Van Zyl explained that at the core of the success is the group’s commitment to a strategy that supports sustainable growth. It has been delivering innovative banking solutions which allow FNB to reach large segments of the previous unbanked population.
Some of the FNB’s success stories include those of the merger with Swabou, the growth of WesBank and the establishment of Rand Merchant Bank (RMB) franchise amongst others.
“We have been able to put a roof over the heads of thousands of Namibians. Our home loan book exceeded the N$10b mark this year, growing from only N$2b after the merger with Swabou in 2003. In a highly competitive market, this could not have been achieved without the committed people from the home loans division who offer clients exceptional service. FNB continues to lead the way with a total market share of 38.5%,” van Zyl notes.
He adds that the WesBank team has exceeded its challenging asset target by N$77m, ending the year under review with an asset base of more than N$3.5b.
As FNB keeps striving to lead in innovative ways of banking, over the years FNB has invested in paperless banking. However, the FNB Group Chairman, Claus Hinrichsen, notes there is still a long way to go.

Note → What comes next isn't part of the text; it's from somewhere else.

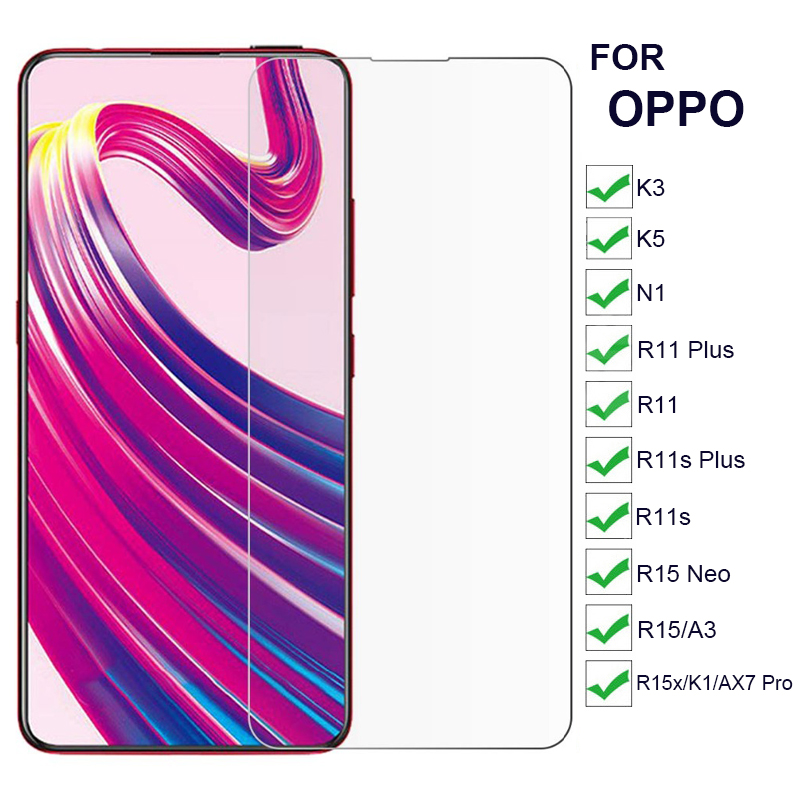 9H Screen Protectors Glass For OPPO K3 OPPO K5 OPPO N1/OPPO R11 OPPO R11s Plus/OPPO R15 Neo/OPPO R15x/OPPO K1/OPPO AX7 Pro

“One concern is the increasing incidence of fraudulent activities in the banking industry such as card cloning and money laundering; FNB does not turn a blind eye to such negative aspects of every day banking. We combat such illegal activities, while recognizing that criminals keep abreast of highly technical advances in modern banking practice,” Hinrichsen said.

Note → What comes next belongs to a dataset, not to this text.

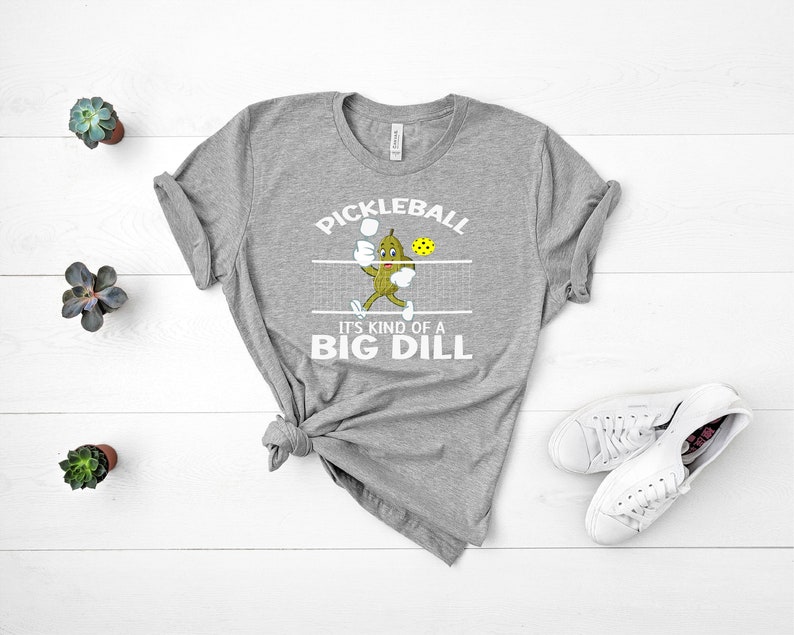 It's Kind of A Big Dill Pickleball Shirt-lovefitte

Regarding the year in review, the FNB Chief Financial Officer (CFO), Oscar Capelao, stated that the group’s total assets grew by 13.4% to N$ 29.8 b with the year end advances making up 76% of the balance sheet, reflected a year on year increase of 14.2% to N$ 22.8b.
“Averages advances grew 16%. Growth throughout the year tracked private credit extension closely. This grew by 14.8% according to the Bank of Namibia,” he said.
The mortgage loans increased year on year by 10.6% to N$10.7b and constitute 46% from 48% in 2014 of the FNB’s advance book.
Through enabling various innovative ways of banking, the bank generated N$2b in e-wallets transaction and N$249b in online banking payment, while they recorded N$4.5b in card swipes and N$14b in withdrawn of ATMs.
On the operating costs side, Capelao notes that the cost of staff took up about half of the operating costs, which increased by about 16.7%. He says, “This includes an average salary adjustment of 8% as well as 10% growth in complement to strengthen our risk and compliance team. In addition, the government introduced a training levy effective in April 2014.”
He adds that further operating costs were reflected in investment in infrastructure to ensure customer service exceeds expectation. During the year, the Grove mall, Kuisebmund, Okahandja and Maerua branches were opened, while 46 additional ATMs were installed around the country.